Camera dei Deputati, voto finale su legge di Bilancio (LaPresse) 

Sulla legge di Bilancio si poteva essere ben più coraggiosi

Giacinto della Cananea

Il giudizio complessivo sulla nuova manovra è solo in parte positivo, sul piano del metodo e su quello del merito

Diversamente dalle leggi di Bilancio approvate dal Parlamento negli anni precedenti, quella appena votata ha beneficiato d’una situazione generale favorevole. Le regole restrittive sul bilancio e sulla spesa adottate dall’Ue, dal Patto di stabilità al Fiscal compact, sono state sospese. La crescita economica, superiore alle previsioni iniziali, torna utile anche per l’equilibrio durevole dei conti pubblici. L’Ue ha espresso un giudizio positivo sul bilancio, diversamente da quanto aveva fatto due anni fa, quando sprecammo parecchio tempo prima di tornare alla ragionevole impostazione proposta dal ministro Tria.

  
Eppure, il giudizio complessivo sulla nuova legge di Bilancio è solo in parte positivo.
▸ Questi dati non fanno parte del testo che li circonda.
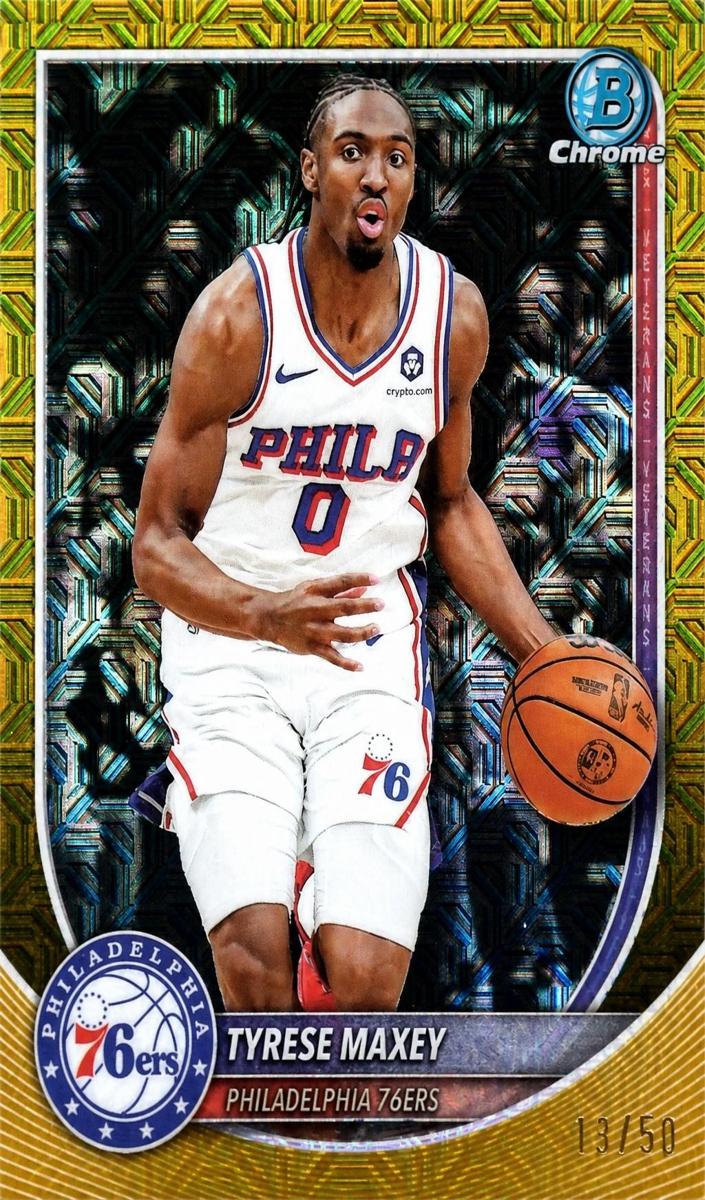 2025 Bowman Mega Box Basketball Gold Mojo Refractor Tyrese Maxey #BCV-66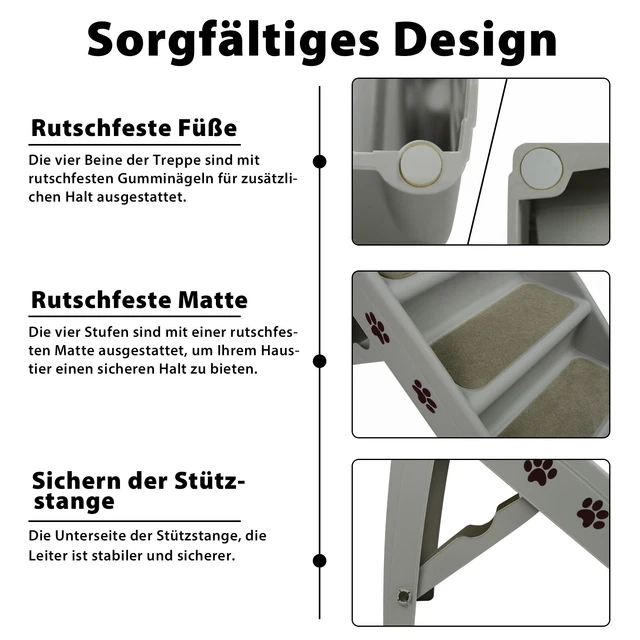 Hundetreppe, 4 Stufen Haustiertreppe, klappbar, Steighilfe für Auto Katzentreppe 3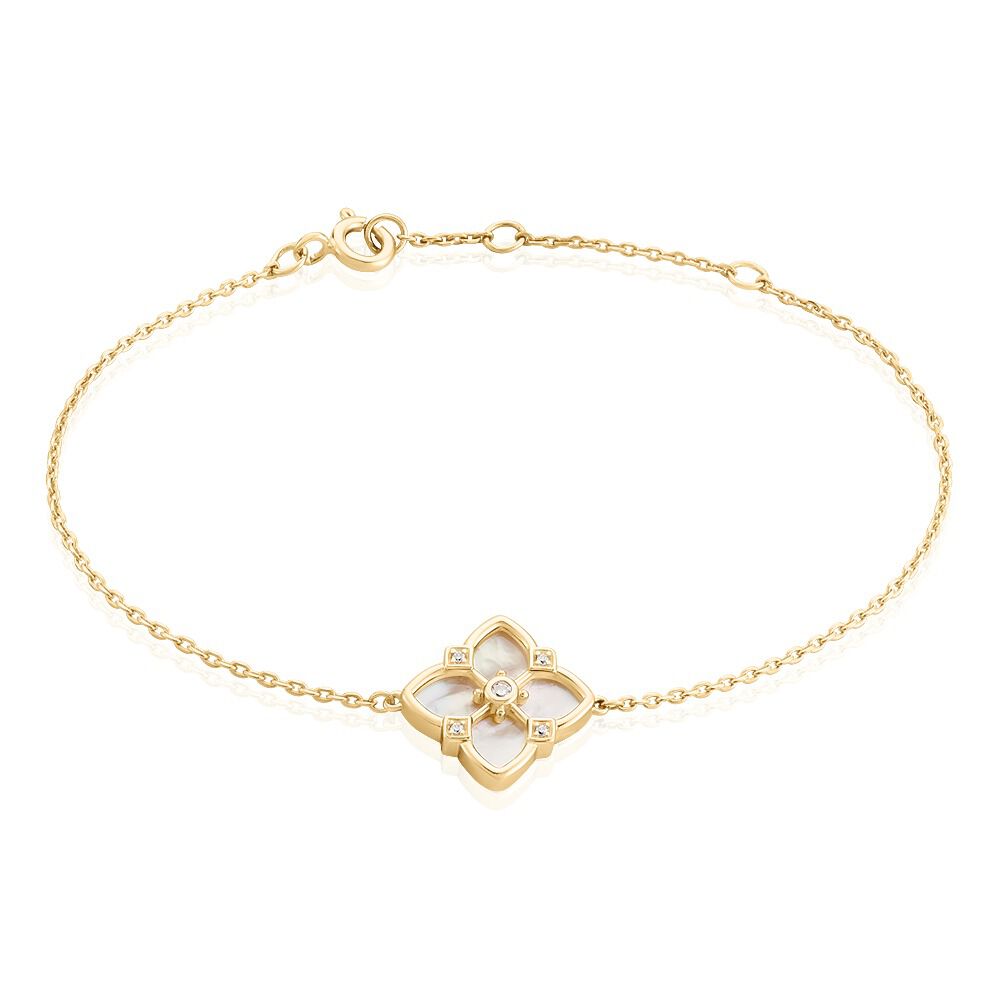 Bracelet Cassian Plaque Or Doré Nacre Oxyde De Zirconium - Bracelets chaînes Femme | Marc Orian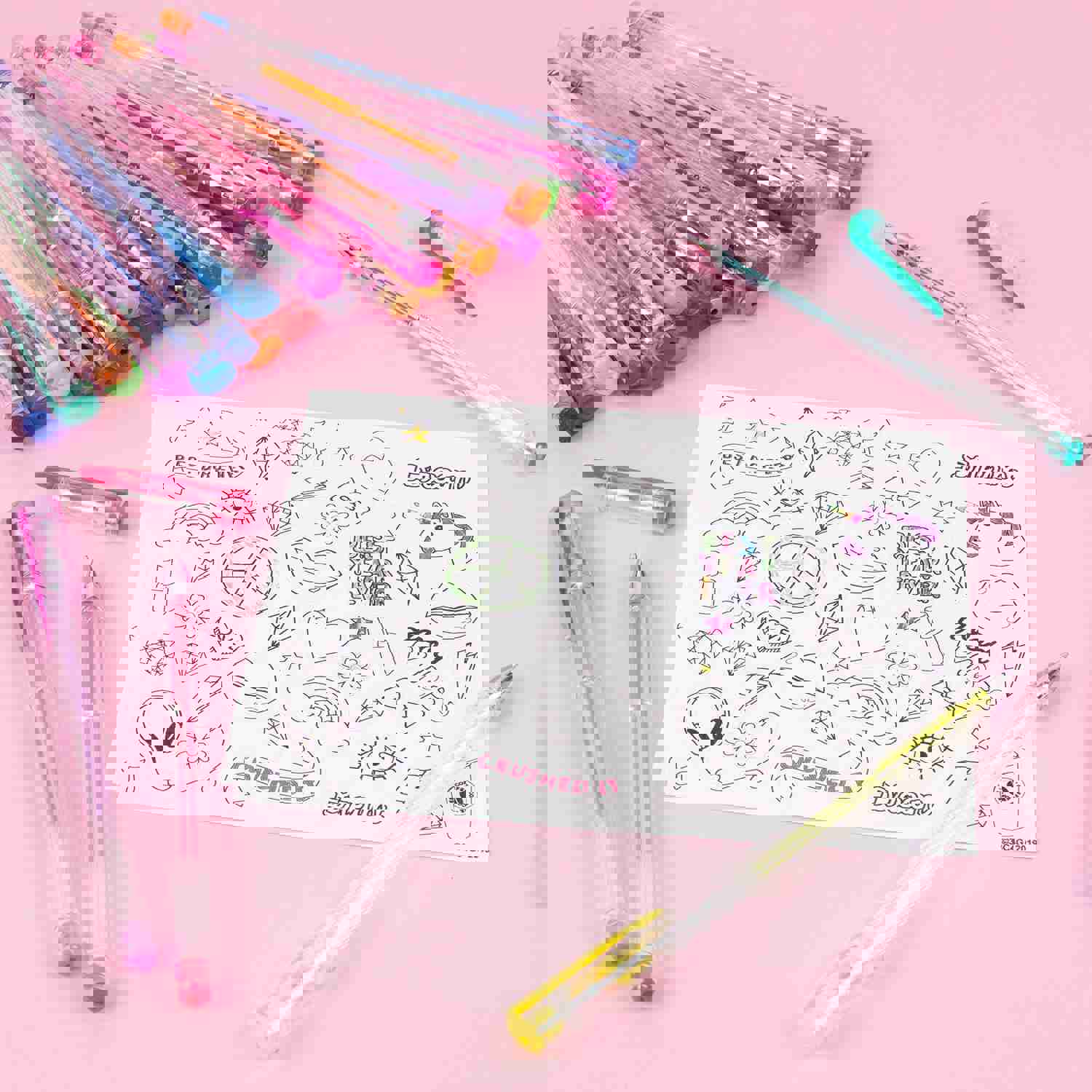 30 Gel Pen Set with Color Your Own Sticker Sheets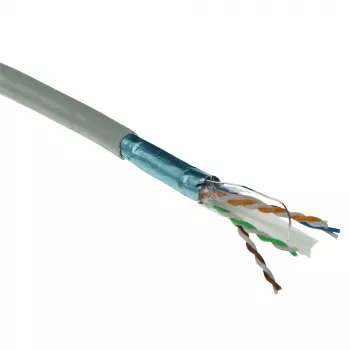 ACT Cat 6 F/UTP kietasis montavimo kabelis, PVC, CPR euroklasė ECA, 24 AWG, pilka, 500 metrų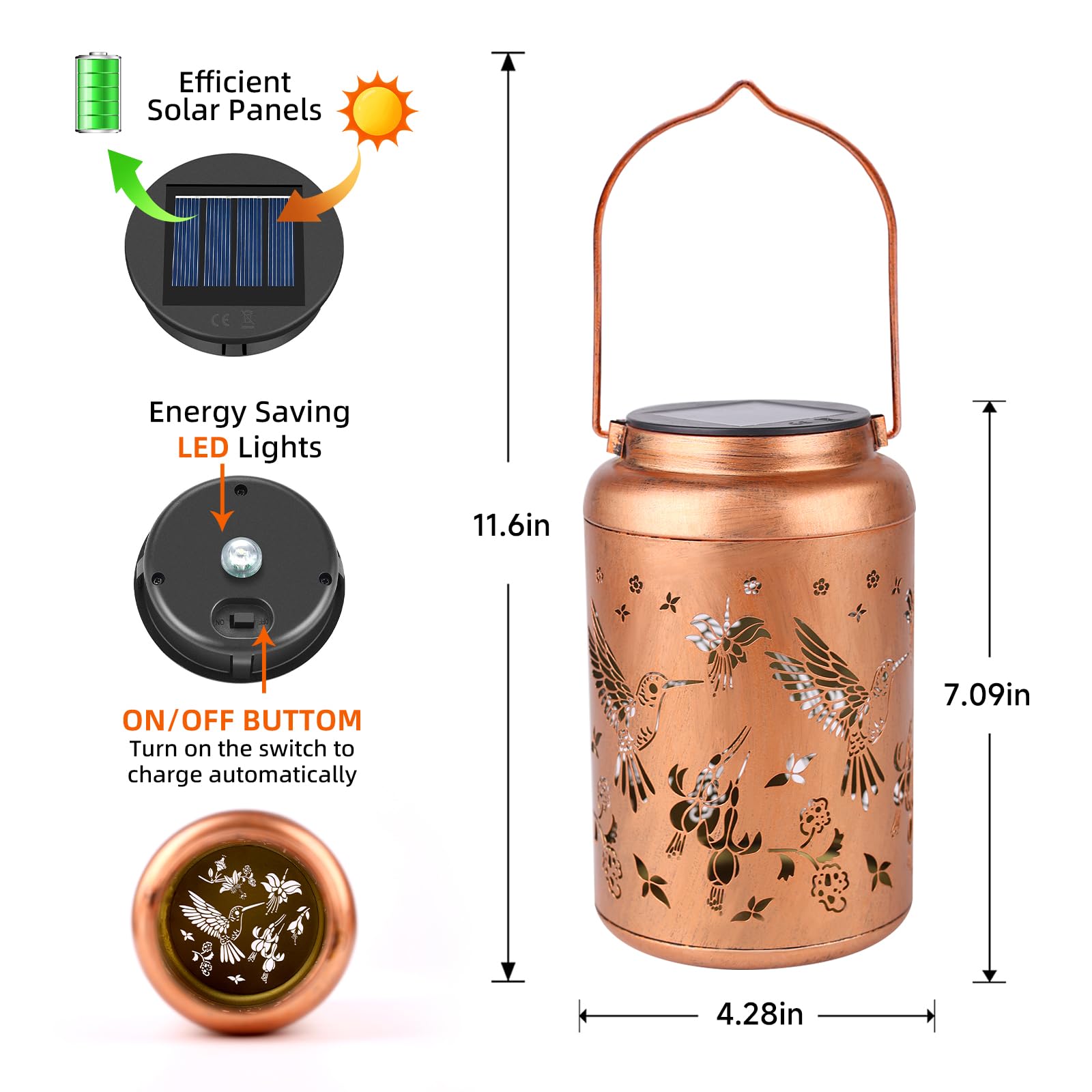 Solar Lanterns Outdoor Waterproof Hummingbird Hanging Solar Lights,Hollowed Metal Lantern Light Decorative For Garden,Patio,Yard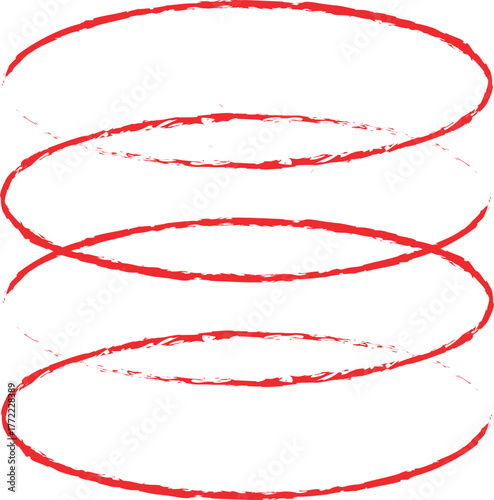 Red Hand Drawn Spiral Ellipses Stacked on White Background vector illustration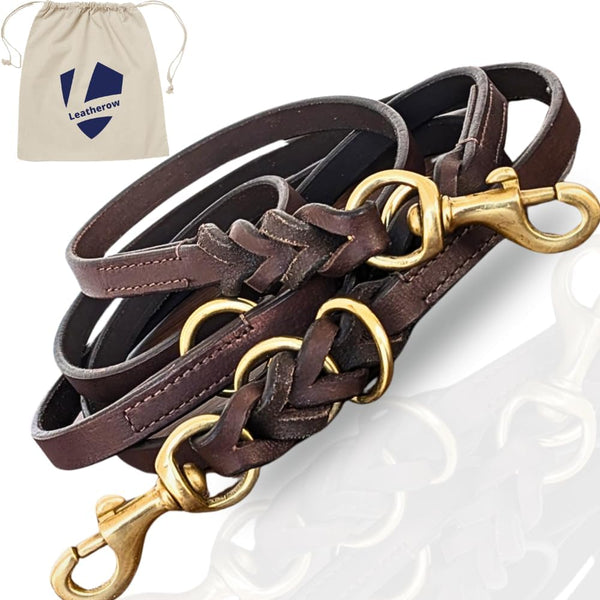 Multi Function 8ft Leather Dog Leash, Genuine Hands Free Training Leash for Small, Medium, Large Dogs (Dark Brown)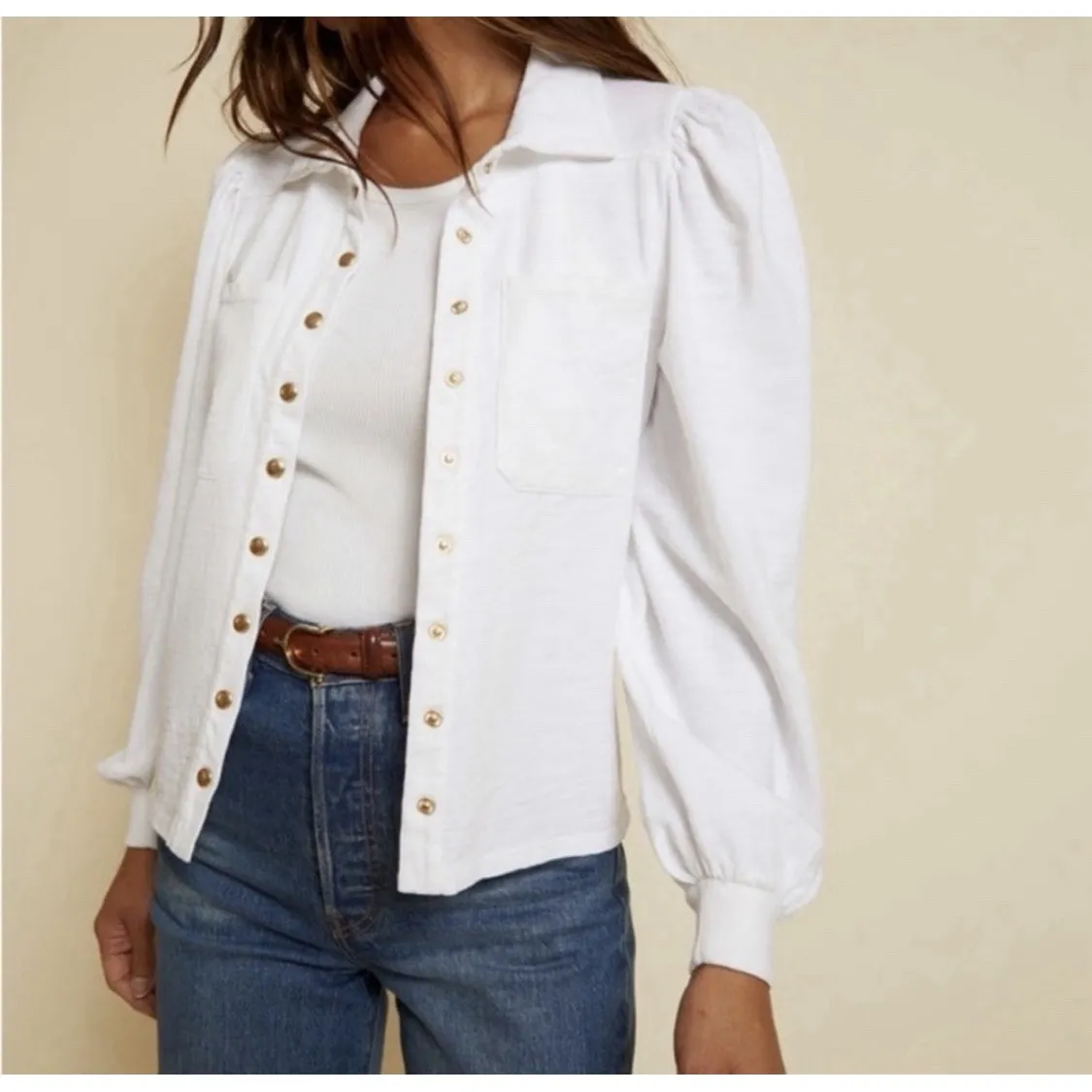Nation LTD Desta Femme Top Long Puff Sleeves Button Down Shirt Women's L White - Image 3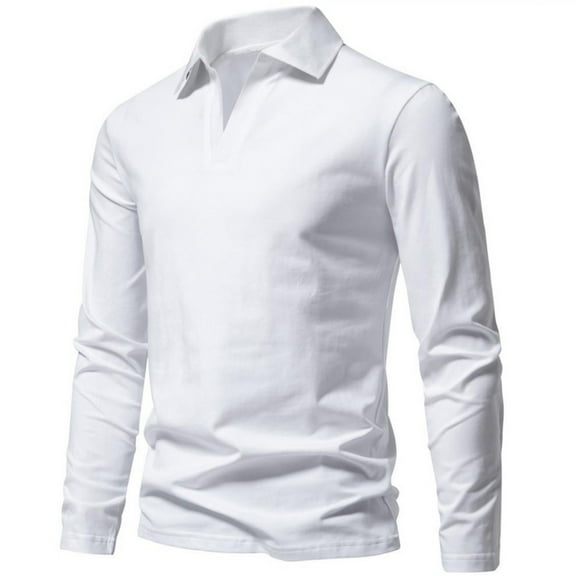 lkfuzj Men's Fashion Casual Solid Color Long Sleeve Turndown Collar Blouses Shirts 2024 New Mens Slim Fit Solid Dress Shirt Soft Tops For Men White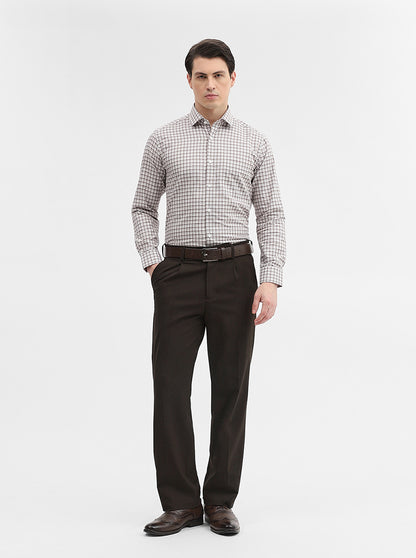 White & Fawn Checked Slim Fit Formal Shirt | Metal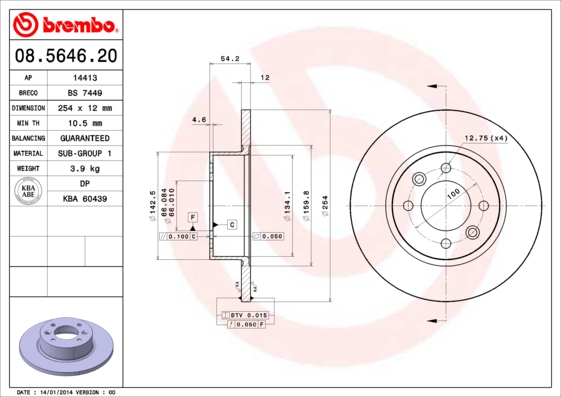 Remschijven Brembo 08.5646.20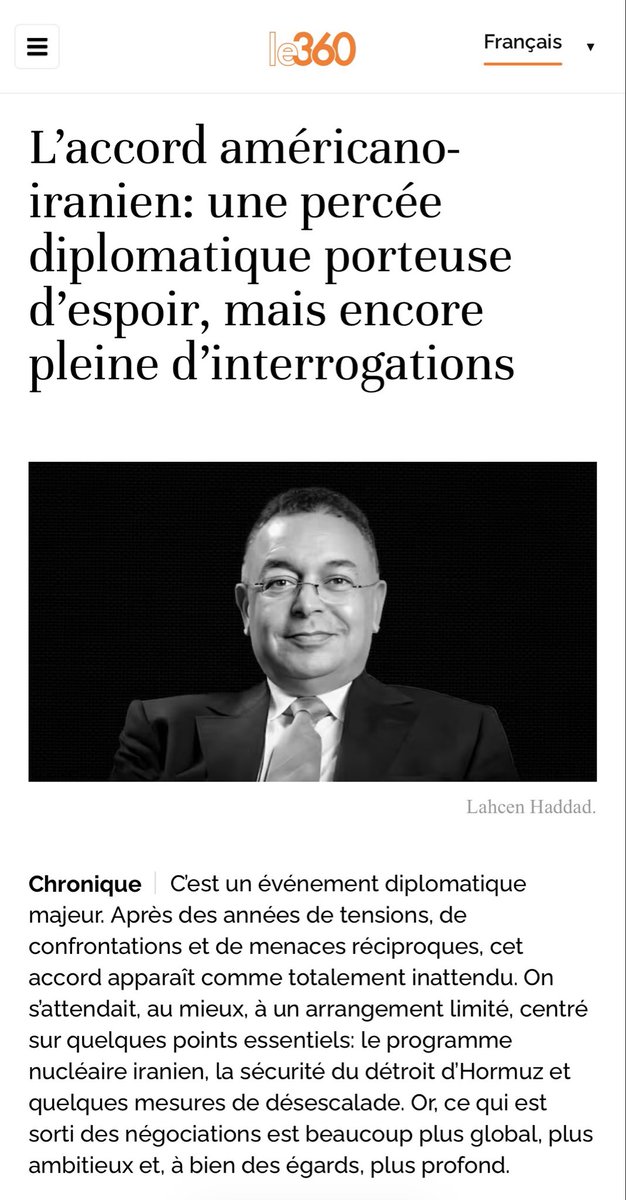 Lahcenhaddad's tweet photo. L’accord entre les États-Unis et l’Iran marque une avancée diplomatique majeure après des années de tensions. Il ouvre une fenêtre d’espoir pour la désescalade et la stabilité régionale, mais son succès dépendra de la mise en œuvre des engagements, de garanties crédibles et de la volonté politique des acteurs. Une opportunité historique, certes, mais dont l’issue reste à écrire.

https://t.co/8JU8ytpycJ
Sul piano del metodo, da più parti è stata espressa insoddisfazione per il ritardo con cui il disegno di legge è stato presentato al Parlamento e ancor di più per il ritardo con cui il governo ha trasmesso il maxiemendamento sul quale ha chiesto la fiducia, già confermata dal Senato. I tempi disponibili per l’altra Camera sono stati così esigui che la commissione Finanze ha rinunciato a esprimere il proprio parere. Dunque, non solo la manovra di bilancio non è immune dai difetti emersi negli anni scorsi, ma si è fatto un ulteriore passo nella direzione sbagliata. Per di più, ci si è avvicinati al termine indifferibile del 31 dicembre, oltre il quale il Parlamento deve deliberare il ricorso all’esercizio provvisorio del bilancio. Ciò sarebbe molto grave. Riaccenderebbe i timori dei mercati sulla stabilità dei conti pubblici italiani.

    
Sul piano del merito, va dato atto al governo e al Parlamento di aver agito sulla composizione del bilancio pubblico, confermando e rafforzando la tendenza ad accrescere gli investimenti pubblici più utili ai cittadini e più adatti a rilanciare l’economia. Inoltre, nel delicatissimo versante della sanità, si sono destinate consistenti risorse alla costituzione di una scorta nazionale di dispositivi di protezione individuale (860 milioni) e alla riduzione delle liste di attesa per le prestazioni di screening e di ricovero ospedaliero (500 milioni).

 

Ma vi è l’altro lato della medaglia. Lo ha segnalato pochi giorni fa il presidente del Consiglio, evidenziando le criticità riguardanti il cosiddetto superbonus edilizio sotto il profilo dell’incremento dei prezzi e, si potrebbe aggiungere, sotto il profilo dell’equità.

 

Un’altra vicenda emblematica riguarda il servizio scolastico. Nel testo iniziale della legge di bilancio, il governo aveva previsto di rafforzare il fondo per gli insegnanti, allo scopo di premiare “in modo particolare la dedizione nell’insegnamento, l’impegno nella promozione della comunità scolastica e la cura nell’aggiornamento professionale continuo”. Era un’ottima iniziativa, sia per gli obiettivi, perché vi è certamente bisogno di migliorare la didattica e di rafforzare il senso di appartenenza a una comunità importante per l’intera società, sia per la natura selettiva. Ma proprio ciò aveva reso la misura indigesta ad alcune frange sindacali, avverse a qualsiasi forma di selettività. Questa posizione è insostenibile: perché la dedizione nell’insegnamento merita considerazione e rispetto; perché altrettanto vale per la cura nell’aggiornamento professionale; perché non vi è alcuna valida ragione – né, meno che mai, un fondamento costituzionale – per erogare risorse “a pioggia”.  Alla fine, in sede parlamentare, si è addivenuti a una mediazione: il fondo è rimasto, anzi la dotazione è stata incrementata, ma sono stati espunti i criteri che tanto avevano indispettito gli irriducibili sostenitori dell’erogazione indiscriminata del pubblico denaro. Ma è rimasto anche (quandoque bonus dormitat Homerus) il riferimento al fondo istituito nel 2017 per “valorizzare la professionalità dei docenti”.

 

È auspicabile che il governo non permetta che la misura sia annacquata nella fase della gestione. Sarebbe un serio segnale di una rinnovata attenzione per l’impegno nelle istituzioni scolastiche e per la buona gestione del pubblico denaro, oltre che della saldezza dell’indirizzo governativo, un bene che non possiamo permetterci di esporre a rischi.